**Task goal**
Locate the line that contains "3D sailing adventure". Retype it and every line after it to the end of the records, exactly, but not the pictures.

**Dataset entries**

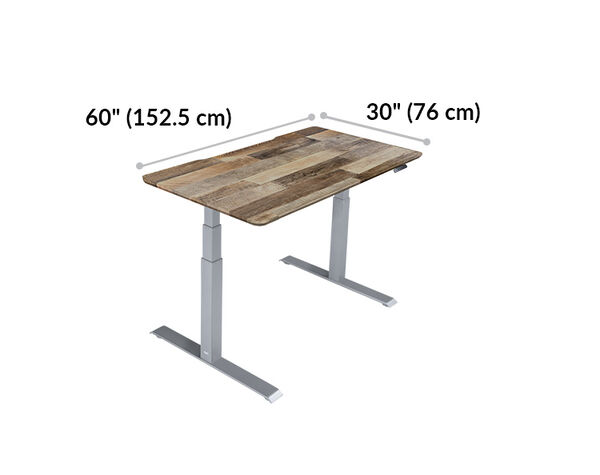 Electric Standing Desk 60x30 Reclaimed Wood with Silver Legs is 60 inches wide and 30 inches deep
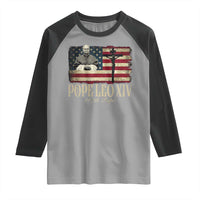 Da Pope Leo XIV Raglan Shirt From America Chicago USA Flag Cross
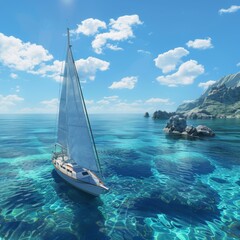 3D sailing adventure with a yacht on clear blue waters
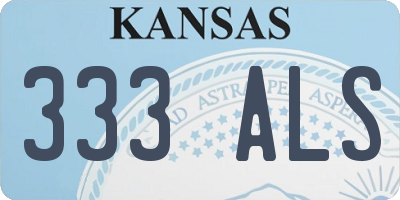 KS license plate 333ALS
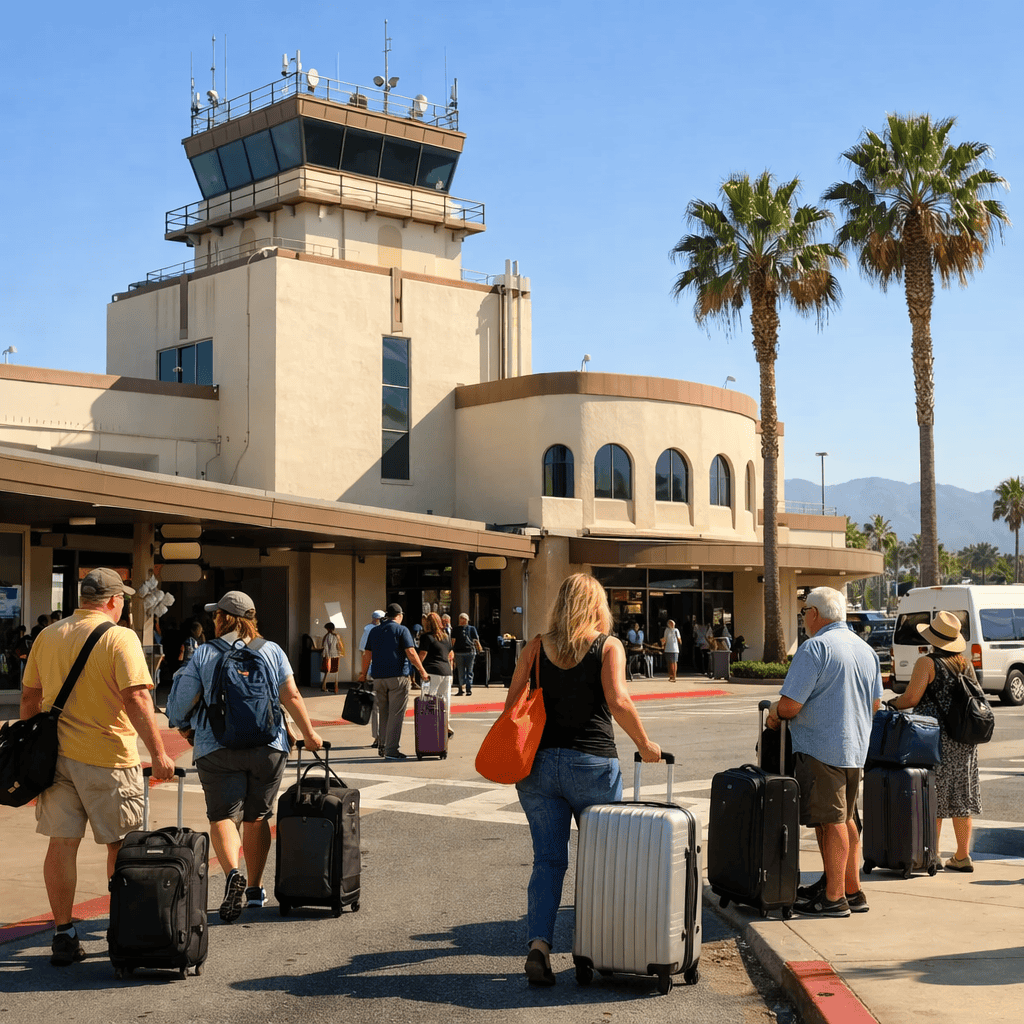 Hollywood Burbank Airport terminal exterior with travelers and luggage at BUR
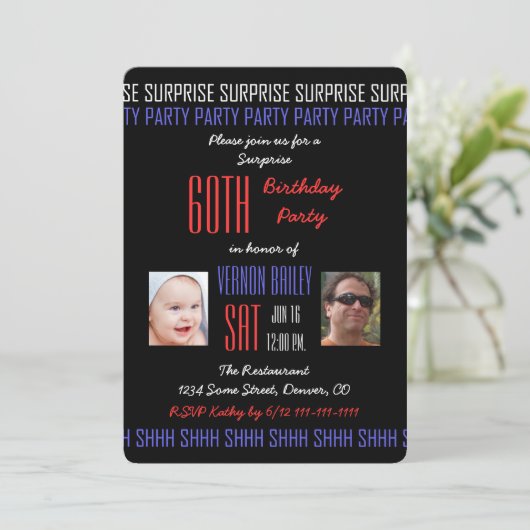 60e Verrassingsverjaardagsfeestje voor mannen Zijn Kaart (Staand voorkant)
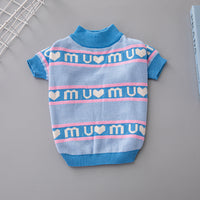 HKM-9189949 Thickened Double Layer Dog Sweater in Blue and Red ¨C Cozy Wool Pet Apparel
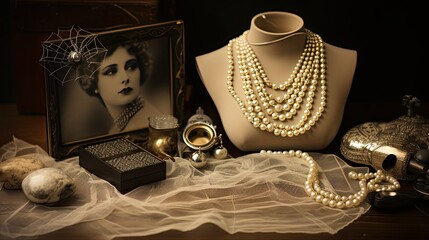 Timeless layout of cobwebs, vintage photographs, and pearl necklaces against a faded sepia backdrop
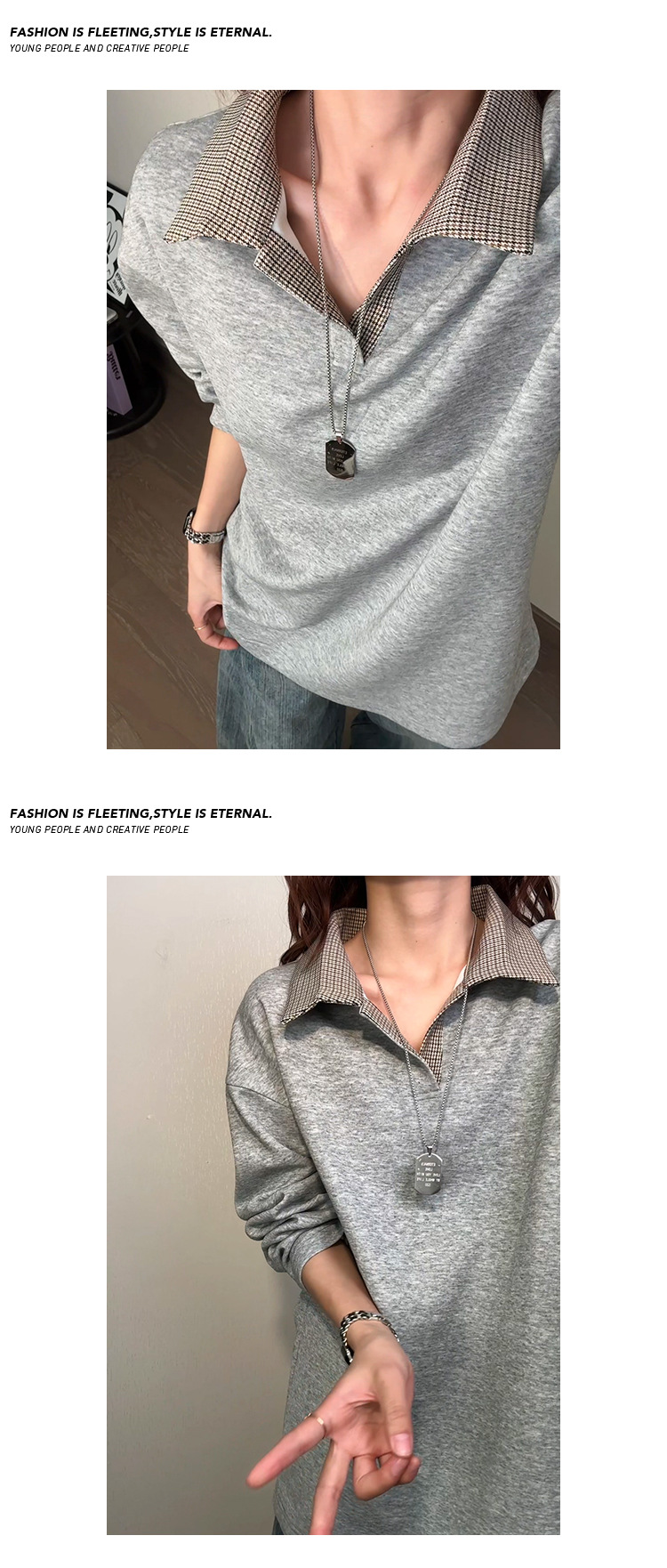 Sweatshirt dames houndstooth patroon american style los model_voghion.com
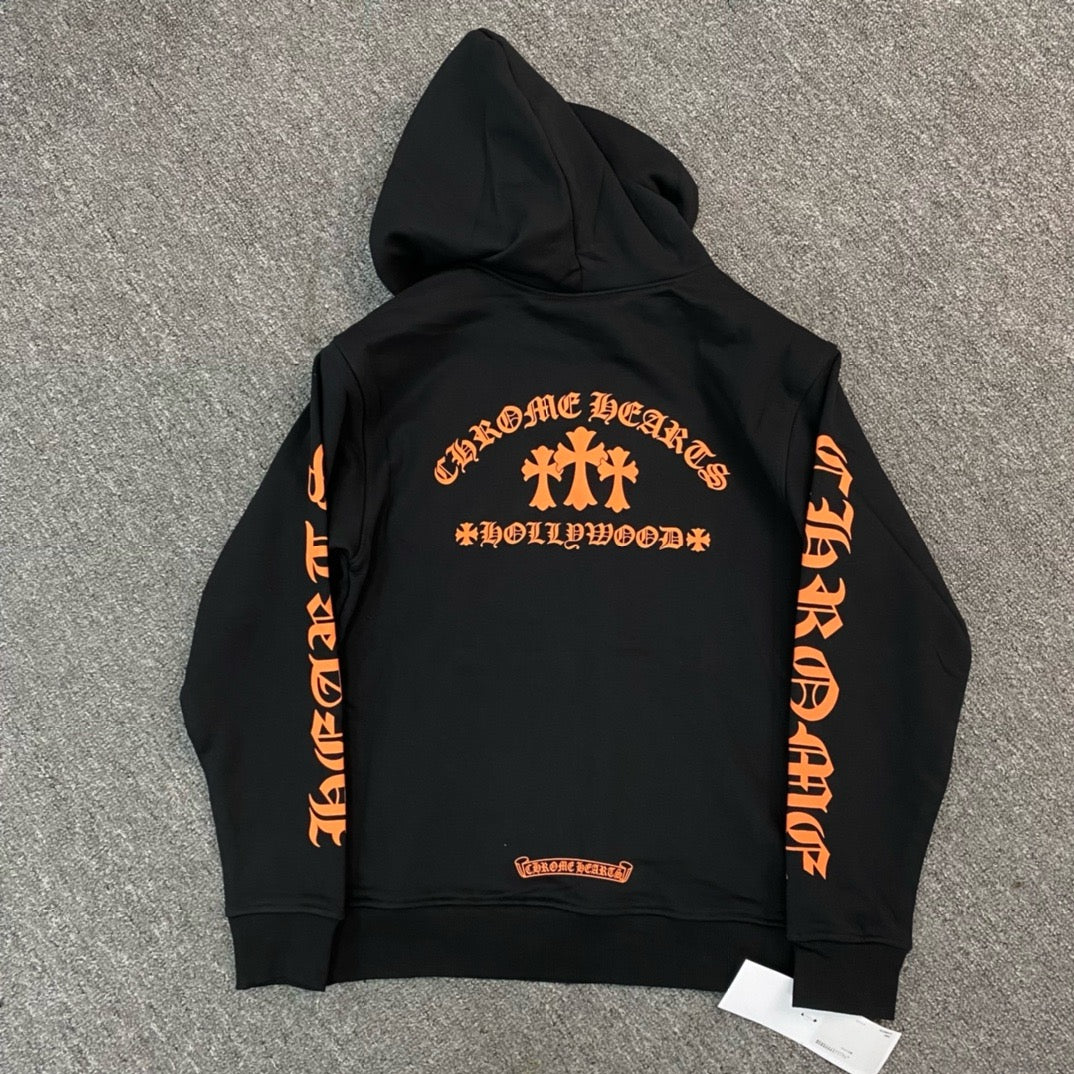 Sweatshirt à capuche manche longue Black and orange motif Chrome Hearts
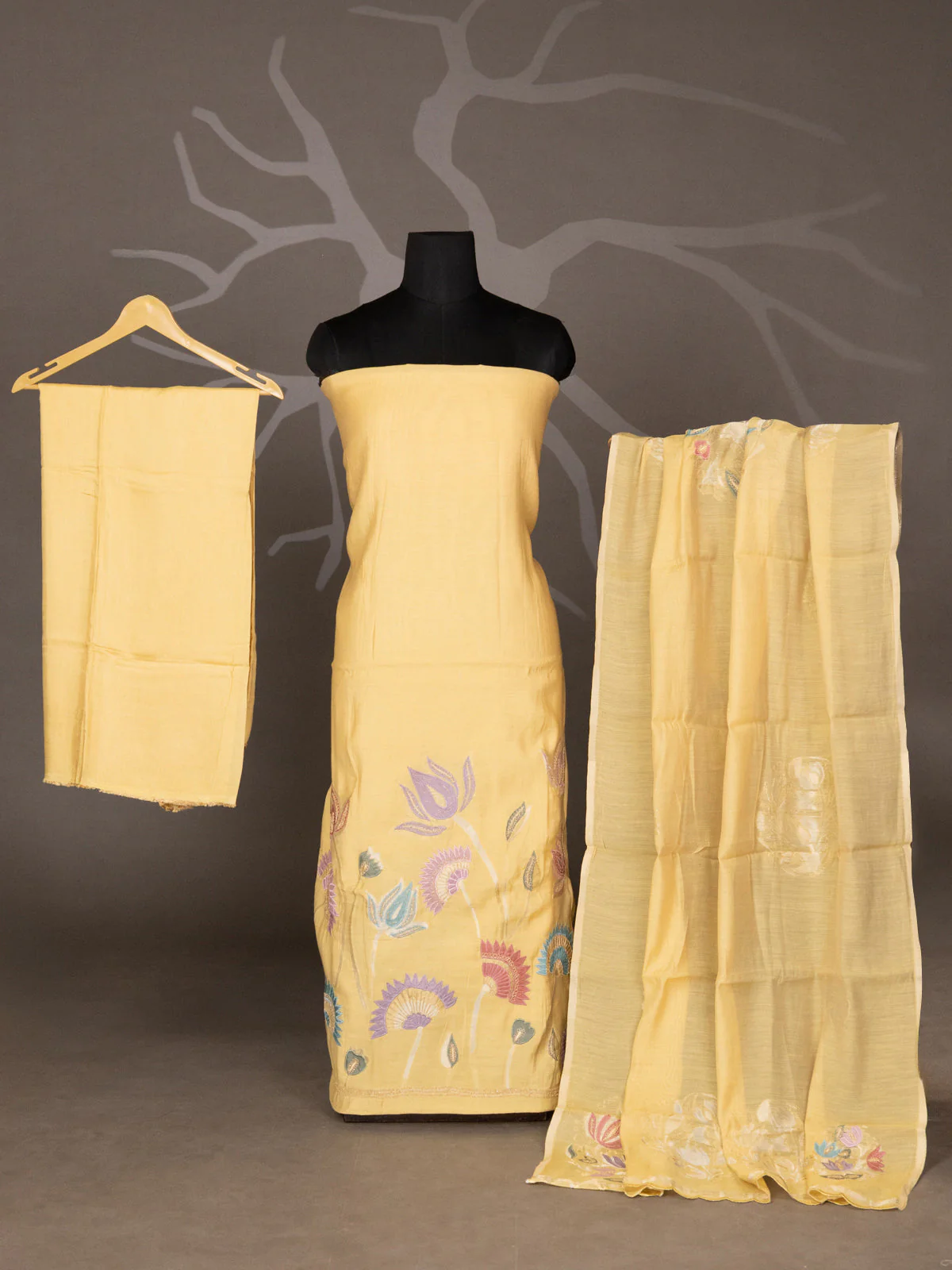 Pale Yellow Soft Cotton Unstitched Suit - Image 5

**Output for this task**
 3D sailing adventure with a yacht on clear blue waters
 KS license plate 333ALS
 Hollywood Burbank Airport terminal exterior with travelers and luggage at BUR
 60e Verrassingsverjaardagsfeestje voor mannen Zijn Kaart (Staand voorkant)
 HKM-9189949 Thickened Double Layer Dog Sweater in Blue and Red ¨C Cozy Wool Pet Apparel
 Timeless layout of cobwebs, vintage photographs, and pearl necklaces against a faded sepia backdrop
 Sweatshirt dames houndstooth patroon american style los model_voghion.com
 Sweatshirt à capuche manche longue Black and orange motif Chrome Hearts
 Pale Yellow Soft Cotton Unstitched Suit - Image 5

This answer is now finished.